● What you are asked to do
Each line below must be set down exactly; omit any image you find.

● Data to examine
╭──

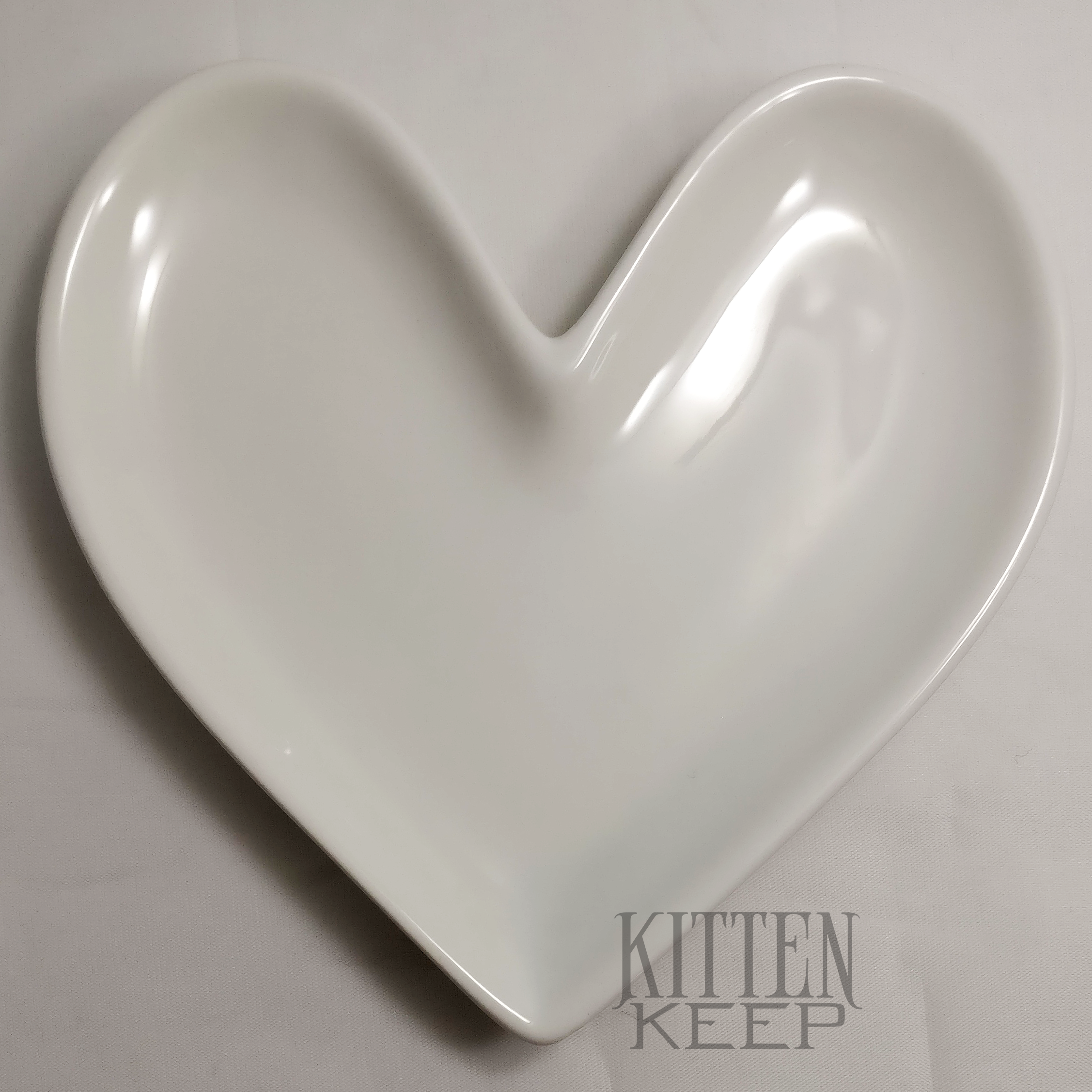 Customized Heart Ring Dishes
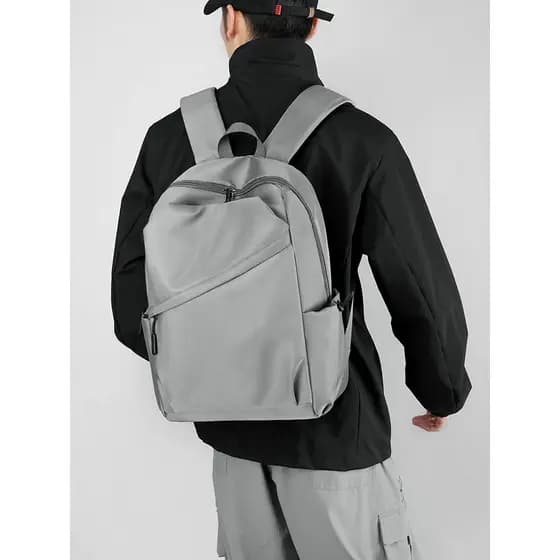 Mochila de grande capacidade masculina, bolsa de computador para negócios, caminhada, viagem, estudante, à prova d'água,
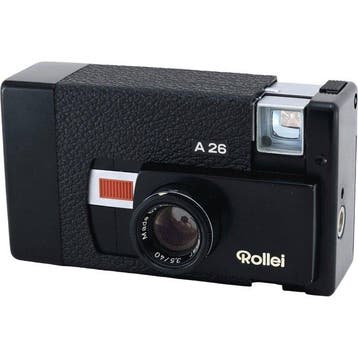 Rollei A26 Sonnar 40mm F3.5 – Rare Original Box Included –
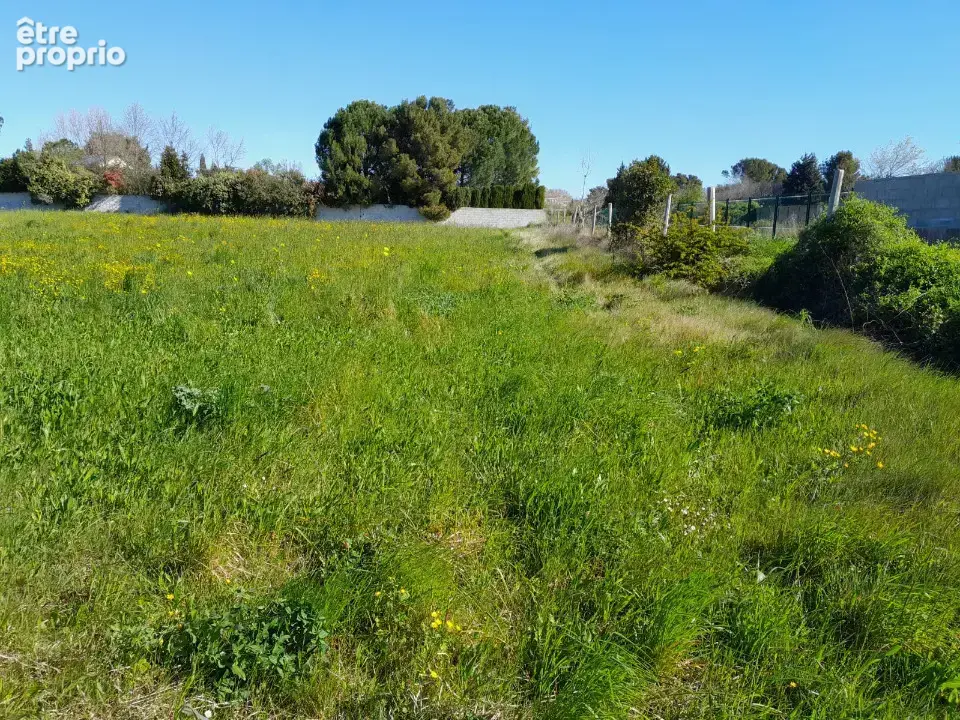 Terrain 876 m² à Bedarrides  - photo 3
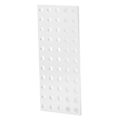 Pikkukuva 2 / 8: 3116‑0040‑0088 Alumiininen verkkolevy, verkkoaukko, teollisuusrobotin osa (5 x 11 reikää, 40 x 88 mm)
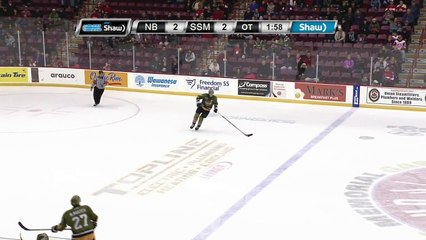 OHL Network | Justin Brazeau | OTW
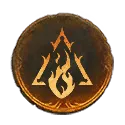 Diablo 4 Searing Heat Icon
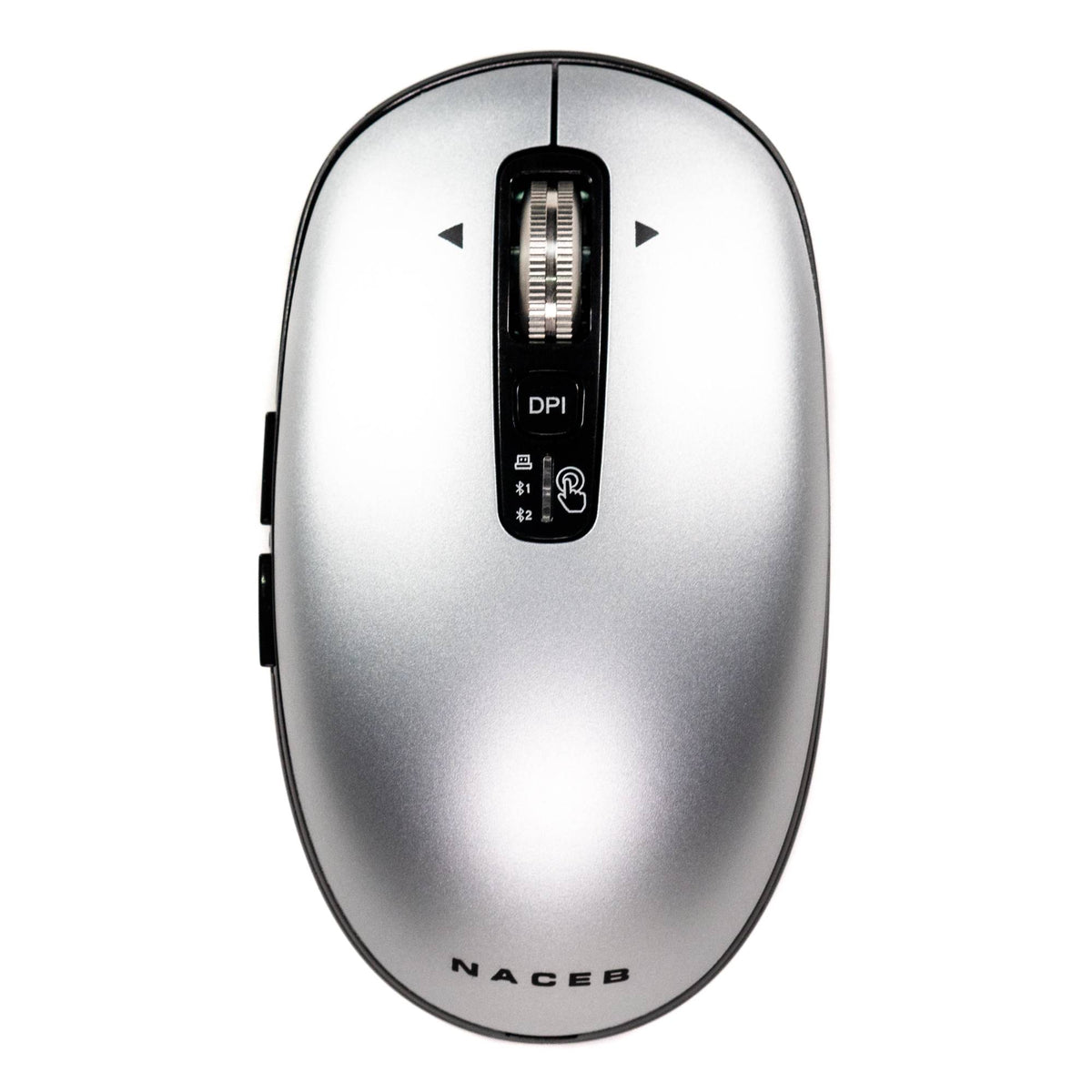 NA-0131G - NACEB MOUSE INFINITY ELEMENTAL LS1 INALAMBRICO GRIS NA-0131G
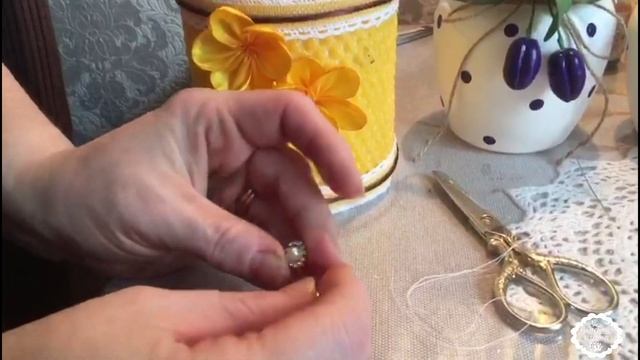 DIY БАНОЧКИ ДЛЯ ВСЯКИХ МЕЛОЧЕЙ СВОИМИ РУКАМИ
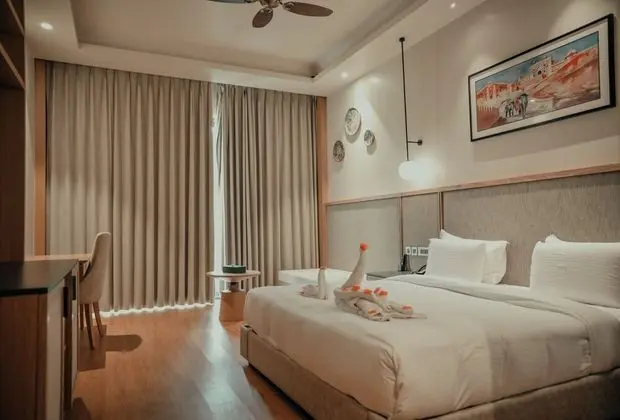 Elegant Room with open Terrace Garden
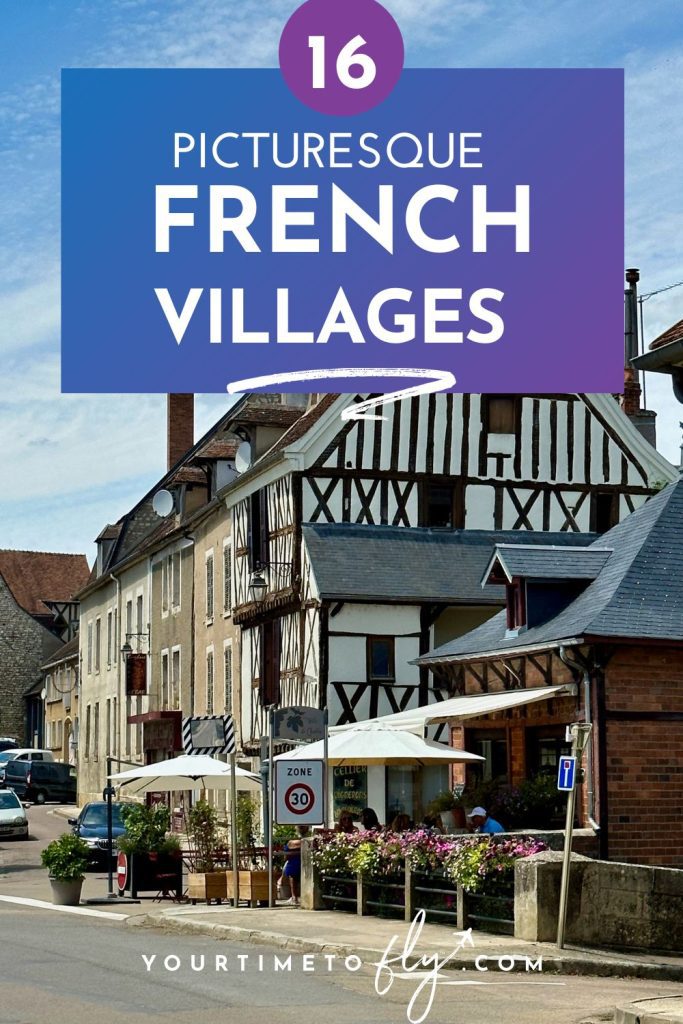 16 most picturesque French villages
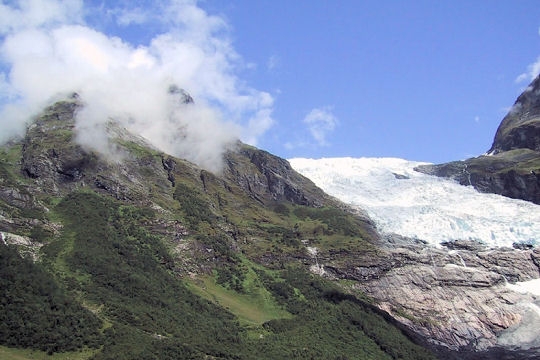Glaciers du monde Josted10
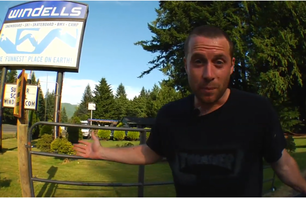 Eddie Wall and Tom Wallisch tour Windells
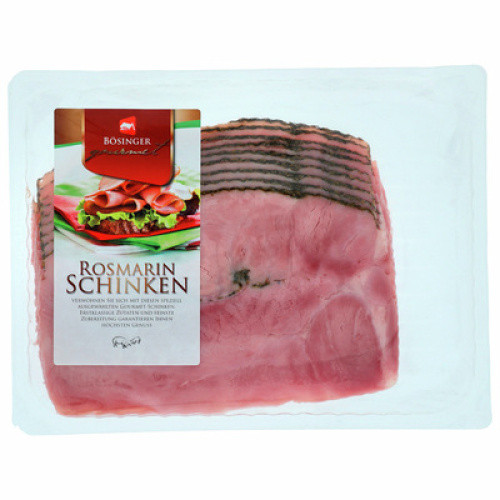 Bösinger Rosmarin Schinken frisch 300g Bösinger Rosmarin Schinken frisch 300g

╰──

● Exercise response
 Customized Heart Ring Dishes
 Mochila de grande capacidade masculina, bolsa de computador para negócios, caminhada, viagem, estudante, à prova d'água,
 Rollei A26 Sonnar 40mm F3.5 – Rare Original Box Included –
 Terrain 876 m² à Bedarrides  - photo 3
 Pikkukuva 2 / 8: 3116‑0040‑0088 Alumiininen verkkolevy, verkkoaukko, teollisuusrobotin osa (5 x 11 reikää, 40 x 88 mm)
 OHL Network | Justin Brazeau | OTW
 Diablo 4 Searing Heat Icon
 NA-0131G - NACEB MOUSE INFINITY ELEMENTAL LS1 INALAMBRICO GRIS NA-0131G
 DIY БАНОЧКИ ДЛЯ ВСЯКИХ МЕЛОЧЕЙ СВОИМИ РУКАМИ
 Elegant Room with open Terrace Garden
 16 most picturesque French villages
Glaciers du monde Josted10
 Eddie Wall and Tom Wallisch tour Windells
 Bösinger Rosmarin Schinken frisch 300g Bösinger Rosmarin Schinken frisch 300g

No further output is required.